Saturday, November 19, 2011

Cranberry Relish

Don't forget to make your Cranberry Sauce for Thanksgiving!  It's listed under "Holidays". 

Sunday, October 30, 2011

Maple Bars

3 TBS. active dry yeast
1 cup very warm water
1/2 C. + 1 TBS. sugar, Divided
2 tsp. salt
1/2 tsp. baking powder
4 c. bread flour
1/4 c. shortening
3 egg yolks
1/2 tsp. vanilla
Peanut oil for frying

Maple Icing
1 lb. powdered sugar
1 1/2 tsp light corn syrup
1/4 tsp. salt
1/4 tsp. vanilla
1 tsp maple extract
1/3 c. hot water

Combine the yeast, 1 TBS sugar, and 1 c. warm water in the bowl of a stand mixer. Allow to proof for 5-10 min. or until frothy.
While the yeast is proofing, combine the sugar, salt and 4 c. of flour in a large bowl. When the yeast is ready, add the shortening, egg yolks, and vanilla and mix with the paddle attachment for 1 min. to break down the shortening. Add 1/3 of dry ingredients and mix on low until blended. Repeat with the next 1/3 of the dry ingredients. Switch to the hook attachment and add the remaining 1/3 of the dry ingredients. Mix until no white spots remian and then turn the mixer to medium and knead for 2 min. (The dough is really stiff)
While the dough is kneading, bring 2 quarts water to boil in a pot. Lightly flour a baking sheet.
When the dough is done tranfer it to the baking sheet. Form a 6"x6" square and cover it with a cloth. Place the pan in the oven and place a 9x13 pan on the rack beneath. Pour the boiling water into the pan and close the door. (instant proofer) Allow the dough to rise for 1 hour.
When the dough is done rising remove it from the oven and place it on a lightly floured surface. Bring another pot of water to a cboil. Roll the dought into a 11x12" rectangle. Cut off the edges of the dough so they are even. Cut the dough into 12 rectangles about 5x2" big. Transfer back to floured baking sheet and put back in "proofer" for 45 min. more.
When the dough is risen, heat oil in pan to 350 degrees. Fry donuts until golden brown. Let drain on paper towels.
While dough is cooling, whisk together the icing ingredients. Dip the puffiest side of each bar into the icing.
Makes 12 bars.

Saturday, July 9, 2011

Strawberry Lemon Bars

Strawberry Lemon Bars--Adapted from a recipe on

makes about 12 lemon bars

for crust:

1 1/2 cups all purpose flour
1/2 cup rolled oats
1/2 cup of powdered sugar
1/4 teaspoon salt
1 teaspoon vanilla extract
12 tablespoons of softened salted butter, cut into 1/4″ cubes (1 1/2 sticks)

for filling:

1 cup halved then sliced strawberries
1/4 cup granulated sugar
4 large eggs lightly beaten
1 cup granulated sugar
3 tablespoons all purpose flour
2/3 cup lemon juice

powdered sugar for dusting

Line a 9″ x 13″ pan with enough parchment paper to go about 1″ up on all sides. In a bowl mix the flour, rolled oats, powdered sugar, and salt. Then add the vanilla.  Next, cut in butter with a fork until the dough looks like pea sized gravel. Sprinkle the dough evenly over the parchment lined sheet and use your fingers to press the dough into a uniform sheet of dough that goes about 1/2″ up all the sides. Put it in the freezer for 30 minutes. Meanwhile, place the oven rack in the middle position and preheat the oven to 350 degrees.

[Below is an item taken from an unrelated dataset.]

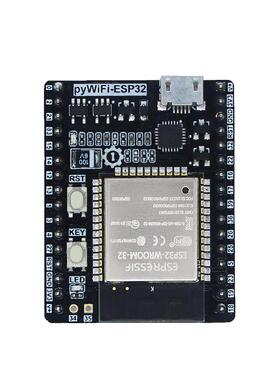 PyWiFi- ESP32 Micro- Python IoT WIFI Learning Development Bo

In a small bowl, combine the strawberries and 1/4 cup of sugar and toss to coat. This will release excess moisture and sweeten the strawberries. To prepare the filling, whisk together the eggs, sugar, and flour. Add the lemon juice and whisk to combine.

Remove the crust from the freezer and put in oven and bake for around 25 minutes, or until it is golden brown and fragrant. When the crust is done, take it out of the oven, then immediately scatter the strawberries around the crust, pour any juice from the strawberries into the lemon mixture and whisk to combine. Pour the lemon mixture over the strawberries.

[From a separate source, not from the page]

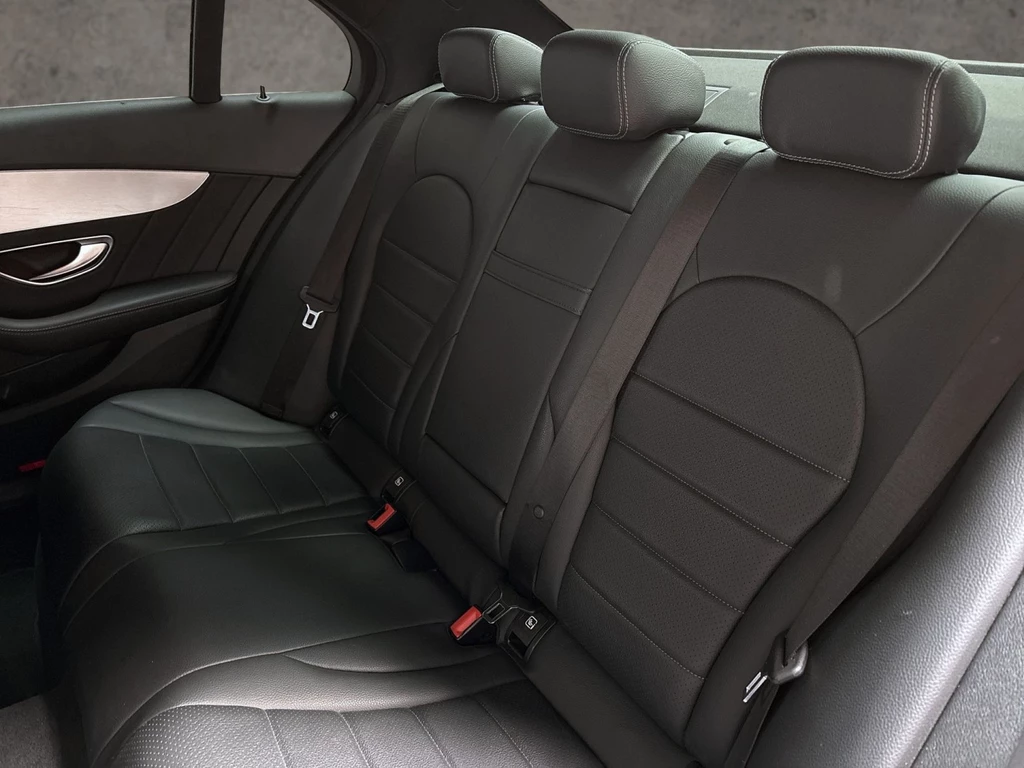 Mercedes-Benz C-Klasse – foto 11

Lower the oven temperature to 325 degrees F, then put the pan in the oven and bake for about 20 minutes, or until the center of the lemon bars doesn’t jiggle anymore. Remove from the oven and allow them to cool completely.

Refrigerate overnight (or for several hours).

Slice, then dust with powdered sugar and serve.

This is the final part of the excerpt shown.